WHAT IS REQUIRED
Starting with the line with "هتل La Tour Du Loup" in the entries below and going on through the line with "foto gerbang perumahan", output every line exactly and nothing more. No pictures.

SOURCE MATERIAL
⁂

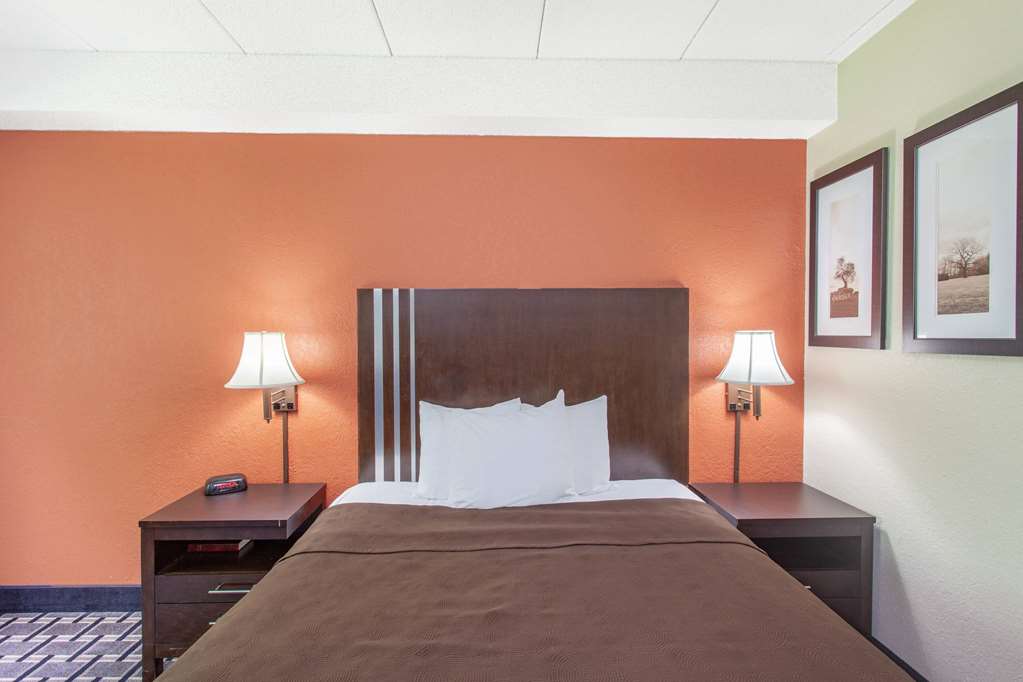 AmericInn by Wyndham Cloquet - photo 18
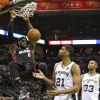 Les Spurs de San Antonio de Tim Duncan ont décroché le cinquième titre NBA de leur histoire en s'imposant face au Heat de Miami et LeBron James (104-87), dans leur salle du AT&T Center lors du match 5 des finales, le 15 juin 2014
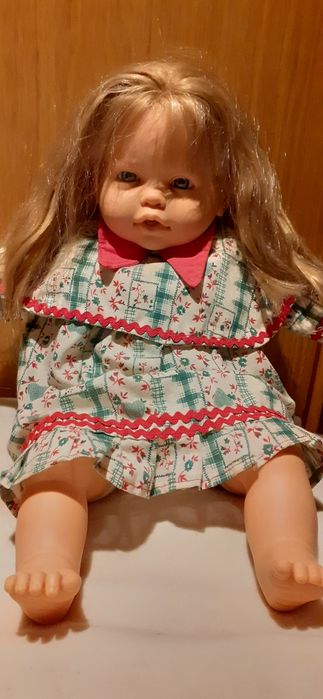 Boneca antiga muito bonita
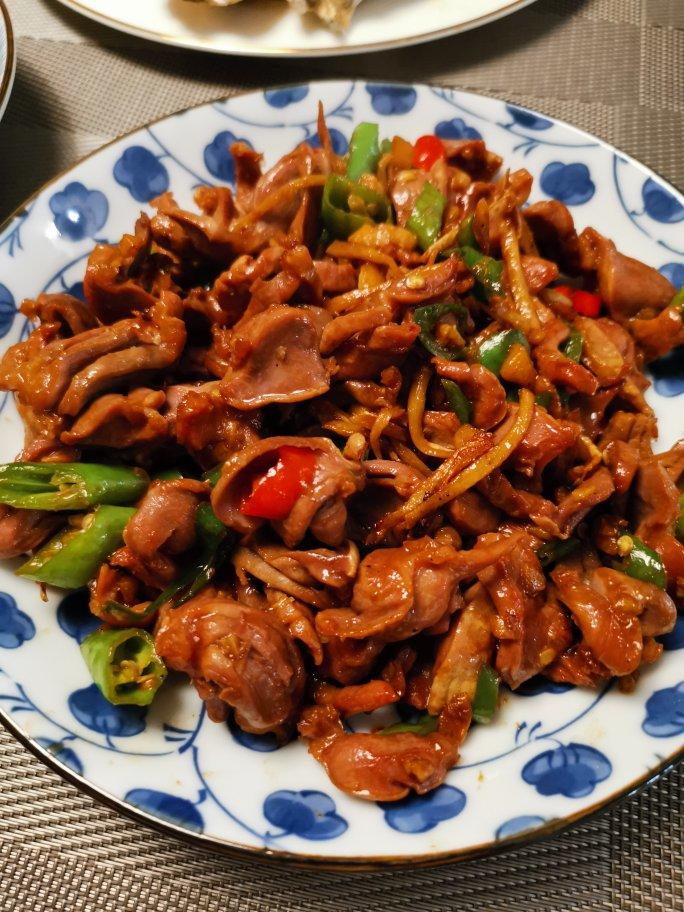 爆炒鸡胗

⁂

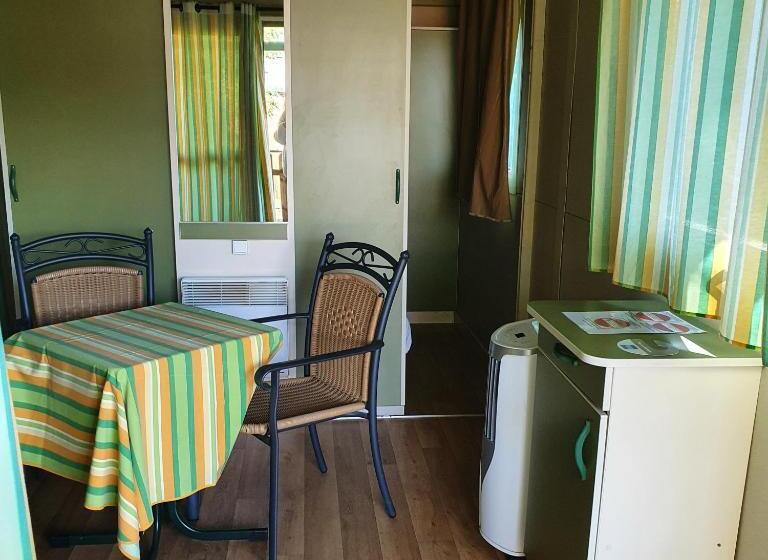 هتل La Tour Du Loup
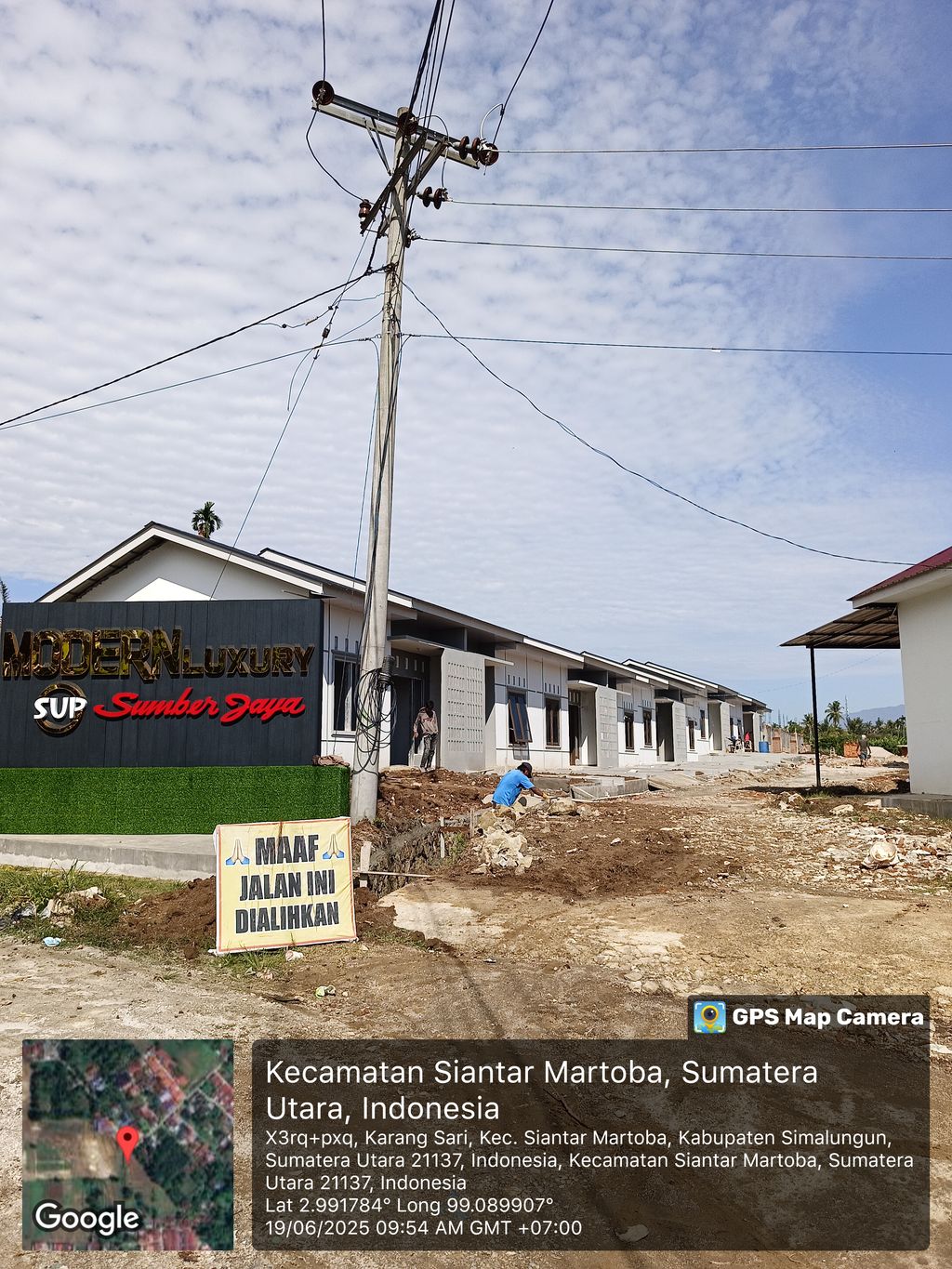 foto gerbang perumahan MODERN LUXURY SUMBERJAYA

⁂

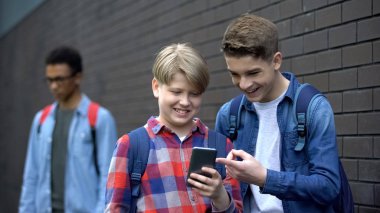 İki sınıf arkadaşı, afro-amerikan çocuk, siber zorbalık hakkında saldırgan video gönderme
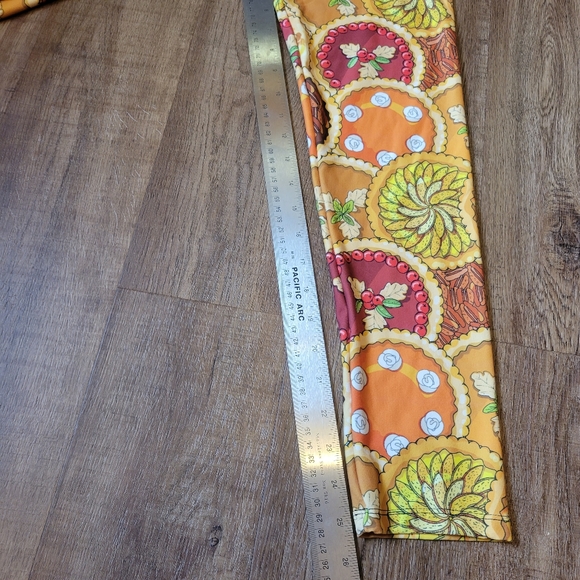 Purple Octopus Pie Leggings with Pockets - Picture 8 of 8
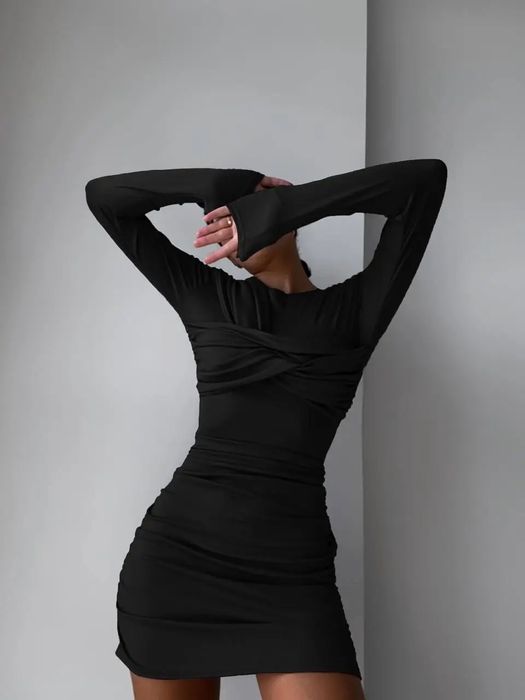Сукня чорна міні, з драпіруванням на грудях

⁂

RESULT OF THIS EXERCISE
 هتل La Tour Du Loup
 foto gerbang perumahan MODERN LUXURY SUMBERJAYA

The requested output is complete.